Тетя Лиза, прибалтийская блондинка, точно готовясь чихнуть, округлила ноздри, прищурилась и растянула сжатые губы — так она улыбалась, пряча крупные выступающие зубы. Тревожным движением поправила огромные очки. С тревогой обернулась: где же дети, непослушные, как очки!

Через час дядя Пантелей в картонной маске льва бегал с детьми, играл в прятки, в прорезь над папье-машовыми щеками смотрели его янтарные глаза.

— Собираемся на елку, — скинув маску и хлопая ладонями, кричал он. — Кто не выйдет, я не виноват, — и всех тащил одеваться в прихожую.

Дети, запутавшись в одежде, тянули в зал, где телевизионный Шурик фехтовал с Балбесом. Еще не были готовы костюмы для домашнего карнавала: не подшиты хвосты котам и брюшки-подушки синичкам. На кухне тетя Лиза, склонившись над шитьем, беспомощно поправляла непослушные очки. Со страдальческой улыбкой следила за плитой.
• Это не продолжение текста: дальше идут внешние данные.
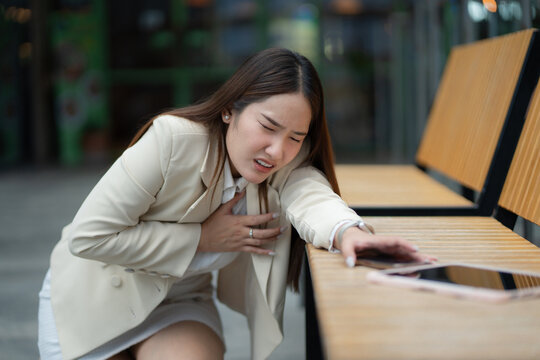 Heart emergency concept. Businesswoman suffers sudden chest pain and reaches for phone while collapsing near a bench. heart, chest, emergency, pain, healthcare
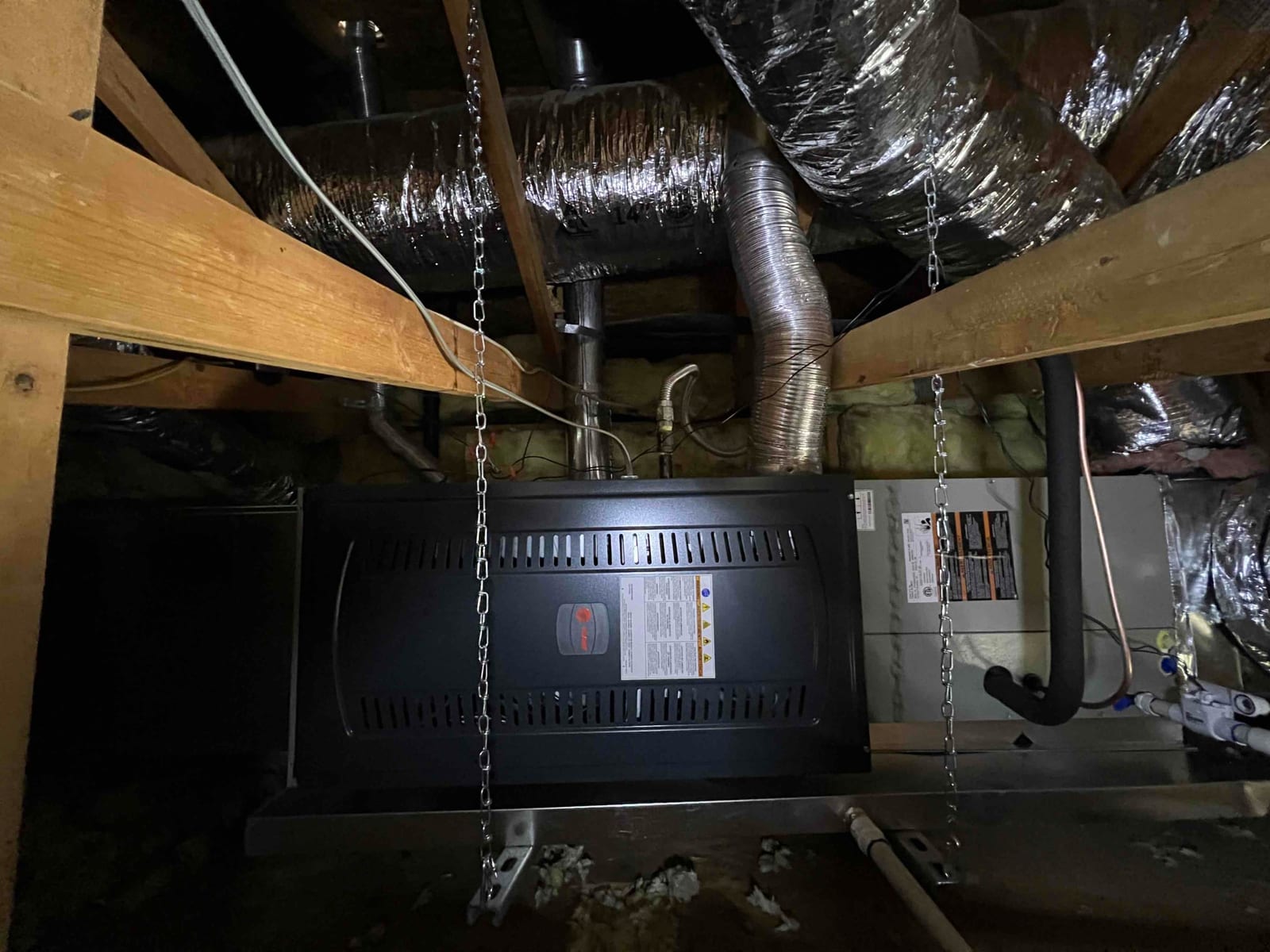Suspended gas furnace and evaporator coil assembly installed in attic with insulated ductwork, condensate piping, and refrigerant line set connected.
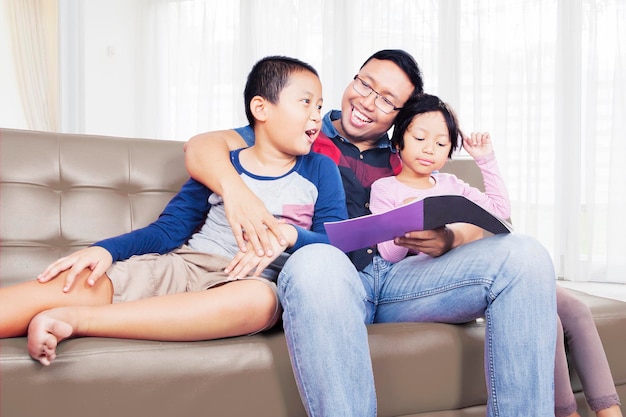 Padre y sus dos hijos leyendo un libro en casa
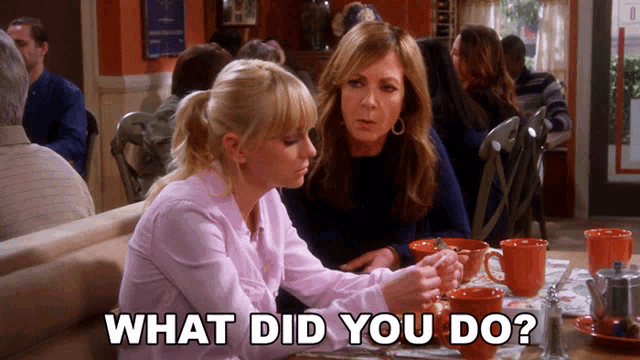 two women sit at a table in a restaurant with the words what did you do below them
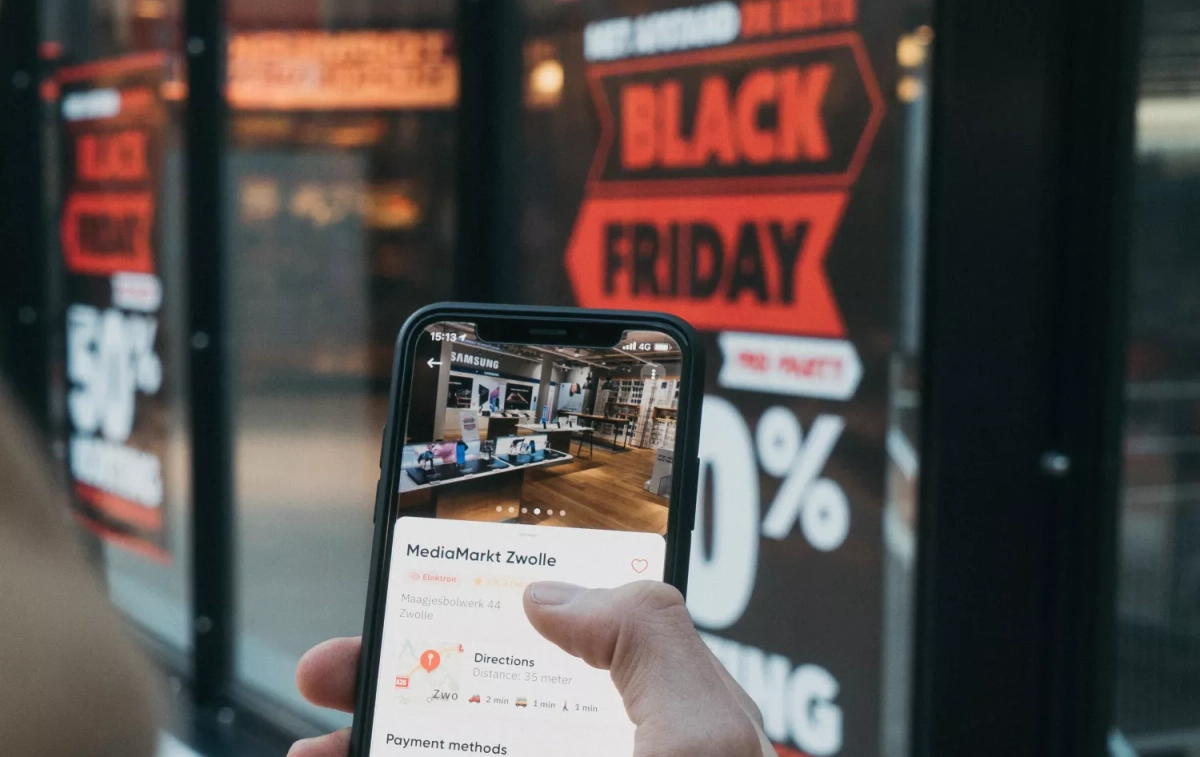 Una persona mira su móvil delante de un cartel que anuncia ofertas por Black Friday / UNSPLASH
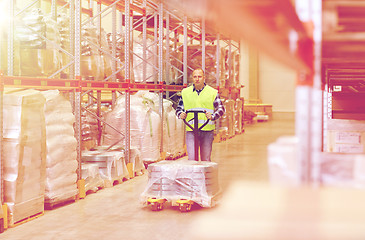 Image showing man carrying loader with goods at warehouse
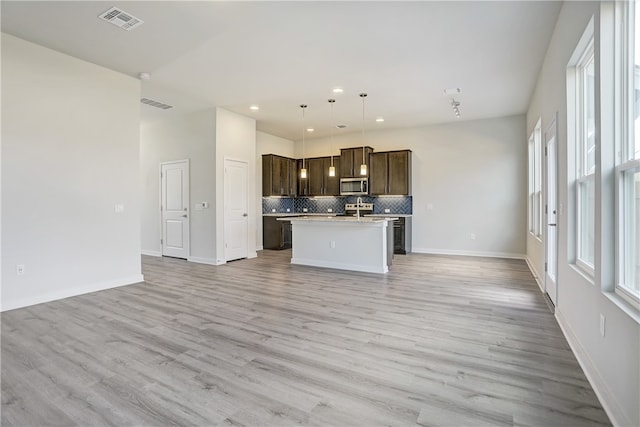 kitchen featuring a kitchen island with sink, light hardwood / wood-style flooring, pendant lighting, and tasteful backsplash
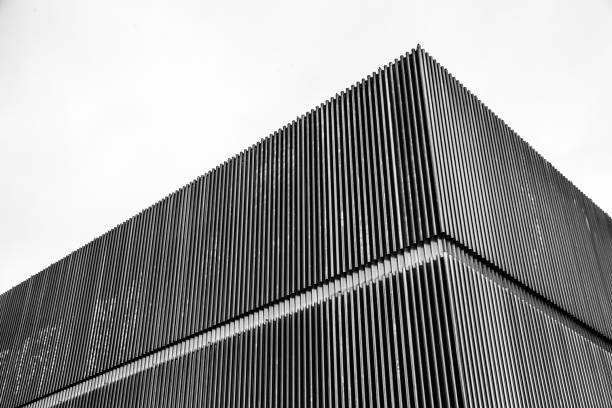 istock Modern buildings against a grey sky in Munich 1292166388
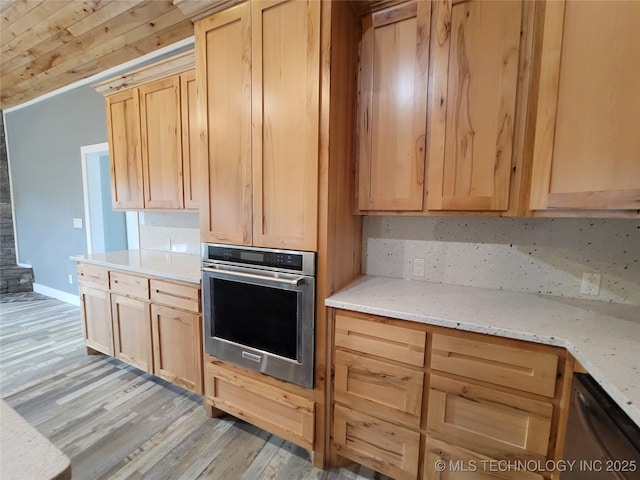 kitchen with stainless steel oven, light brown cabinets, light hardwood / wood-style flooring, light stone counters, and dishwashing machine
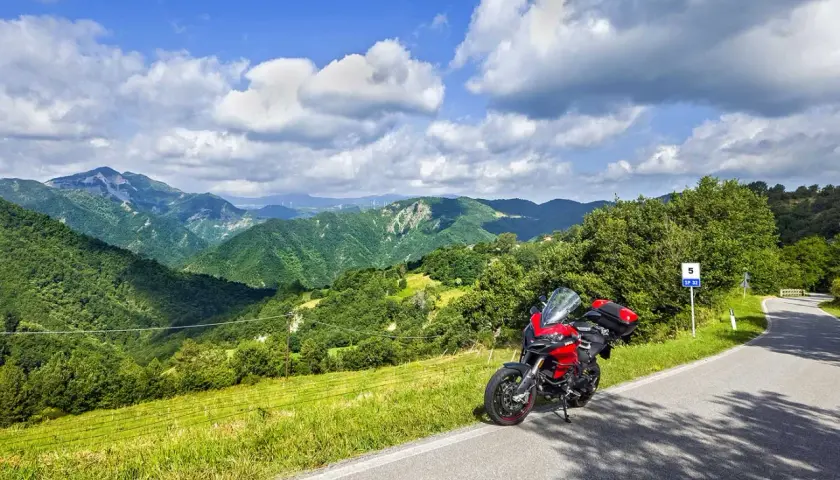 Ducati rossa ferma sul ciglio della strada statale 67, con un panorama mozzafiato di colline verdi e cielo azzurro.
Невский пучился зеркальной игрушкой, искривляясь к Дворцовой площади, где подбитый грязцой снег шевелился под ногами. Вокруг высоченной елки варилась густая толпа, которую помешивали черенки прожекторов. В квартире Лавреневых, в зале, куда строго-настрого запретили входить, в нераспечатанной тишине, не зажженная, стояла такая же елка — дети украдкой заглядывали в комнату, и прочерченная по паркету световая верста уходила вглубь комнаты, как шарившие в небе над Зимним столбы прожекторов.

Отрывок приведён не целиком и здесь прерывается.